Dataset content →

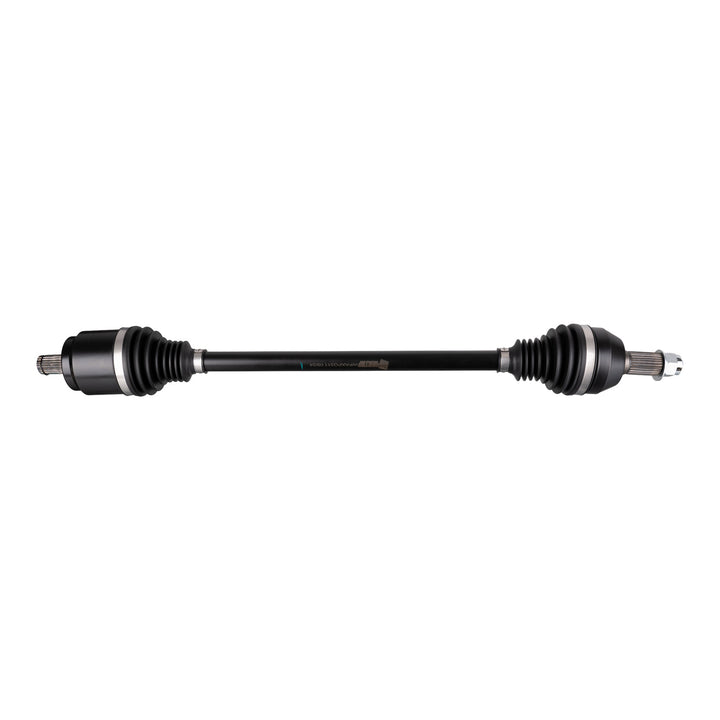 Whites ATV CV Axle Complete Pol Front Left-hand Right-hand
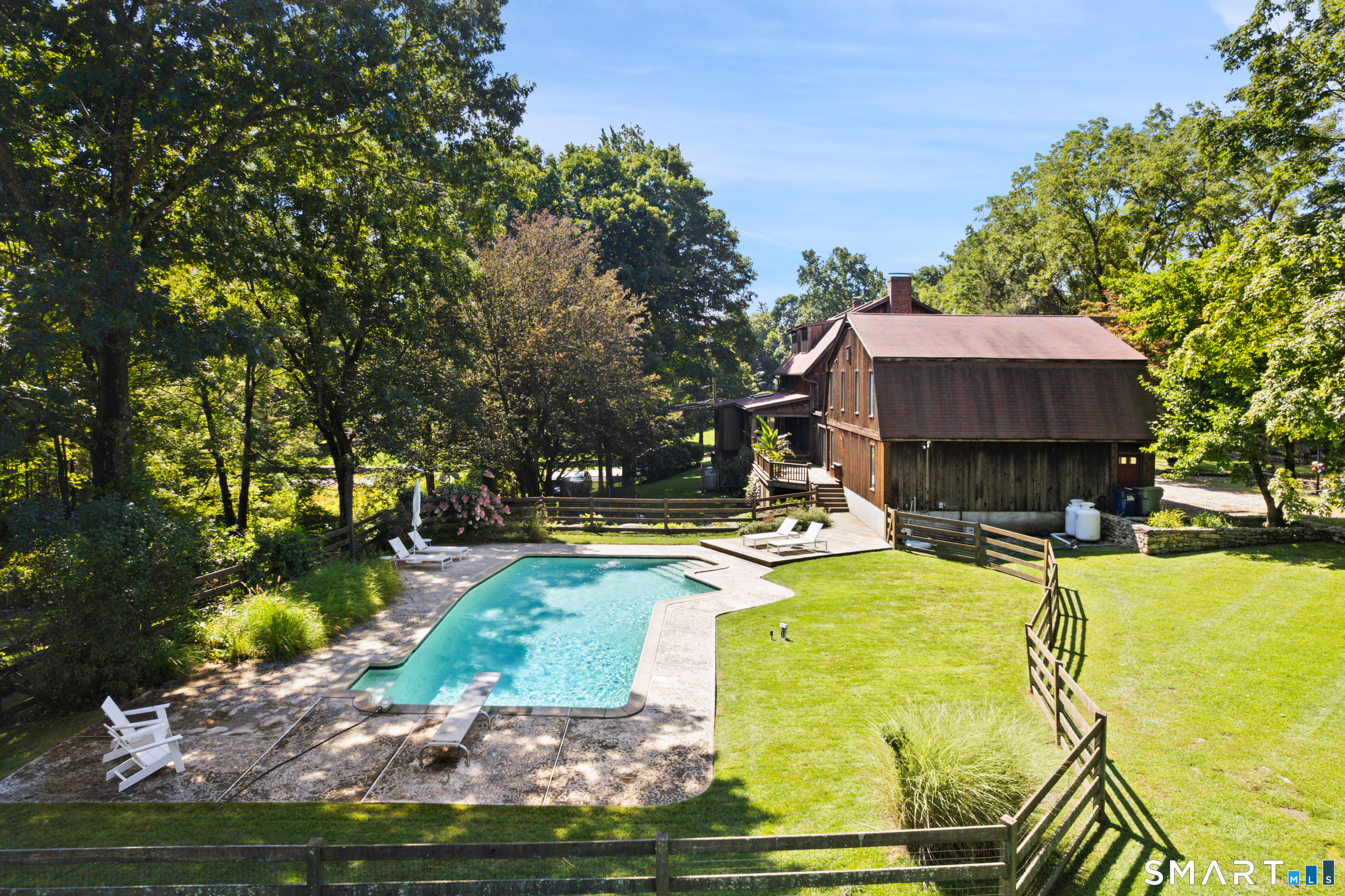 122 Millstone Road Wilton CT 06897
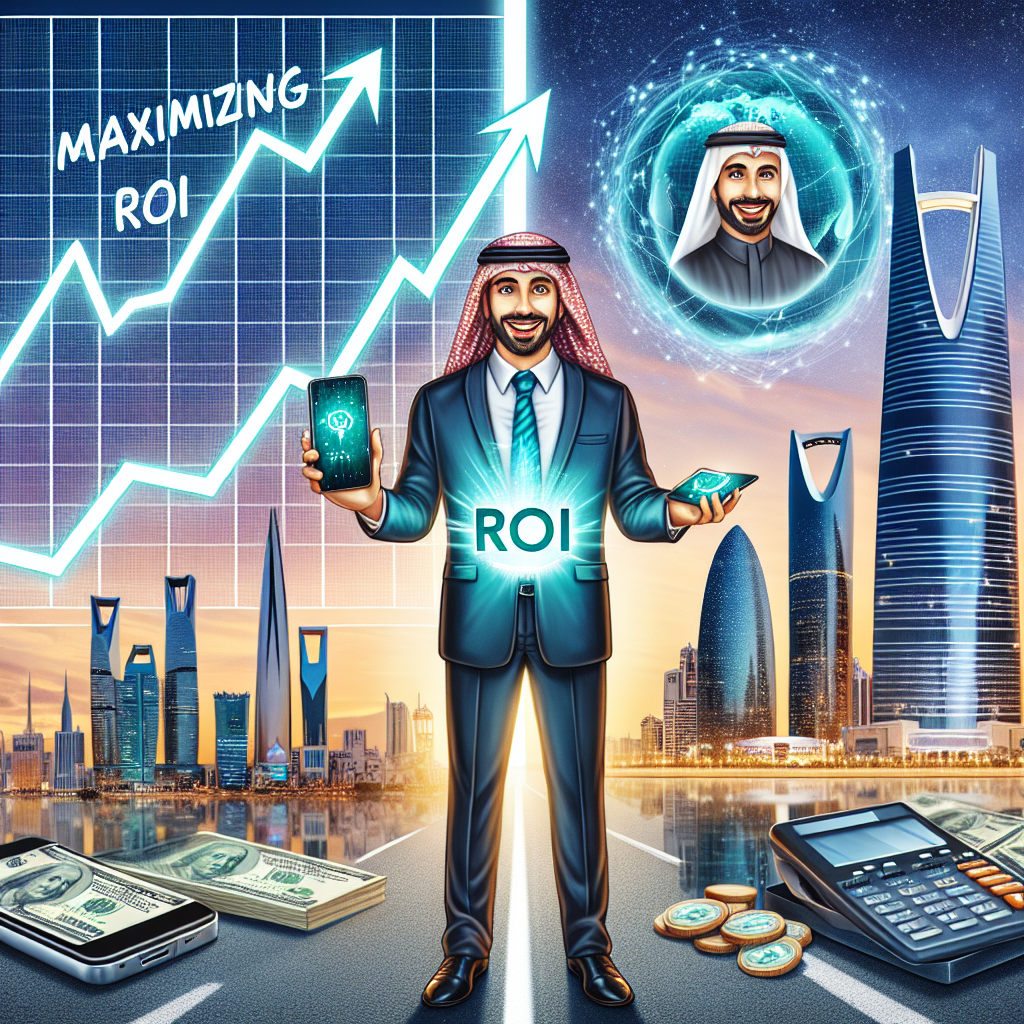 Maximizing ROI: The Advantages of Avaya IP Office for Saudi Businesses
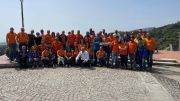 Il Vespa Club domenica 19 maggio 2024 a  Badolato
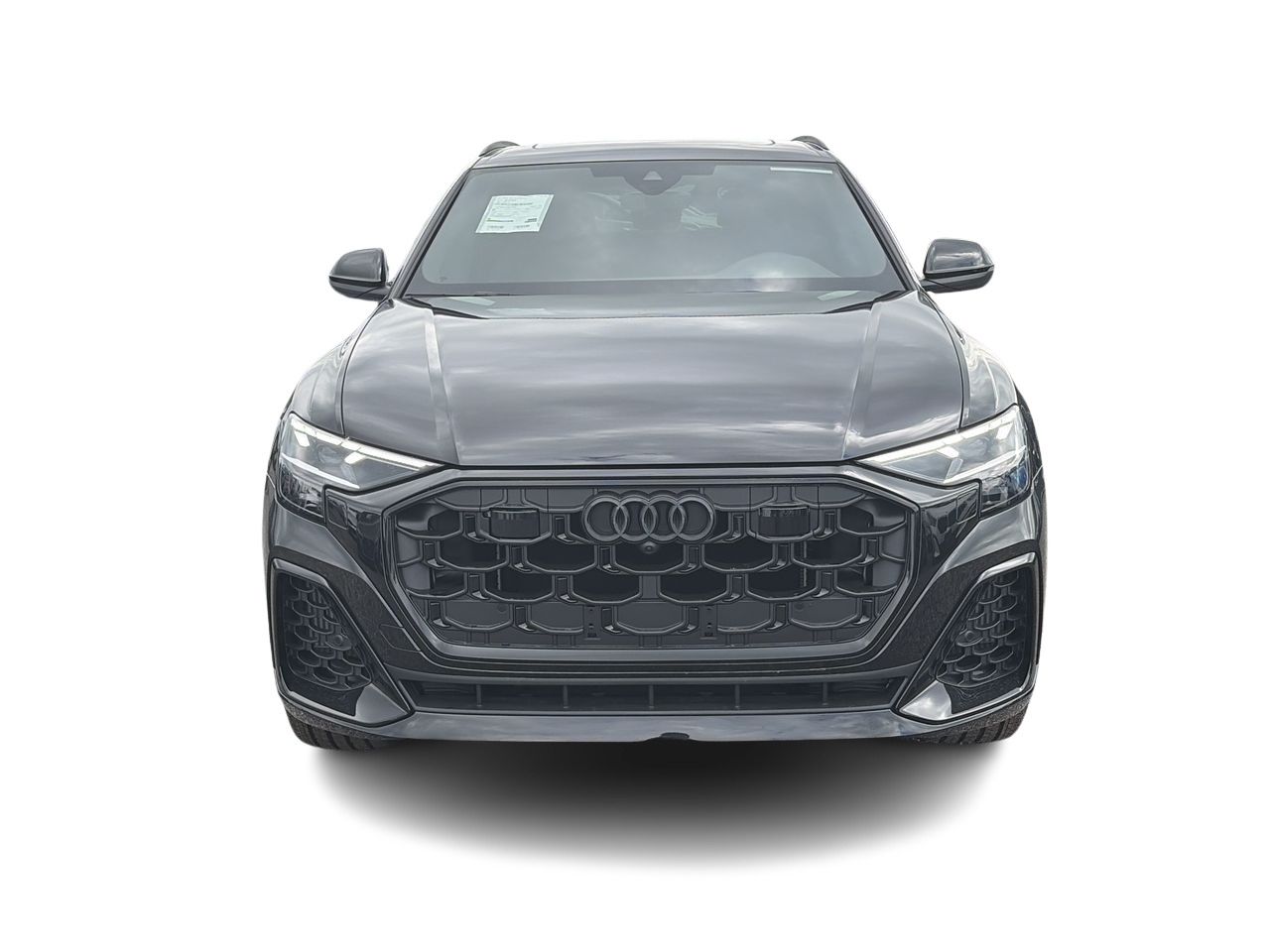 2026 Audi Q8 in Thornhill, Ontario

Assigned task → What is needed is an exact restatement of every line from the line containing "Il Vespa Club" through the last line of the records, minus any pictures.

Answer to the problem →
 Il Vespa Club domenica 19 maggio 2024 a  Badolato
 2026 Audi Q8 in Thornhill, Ontario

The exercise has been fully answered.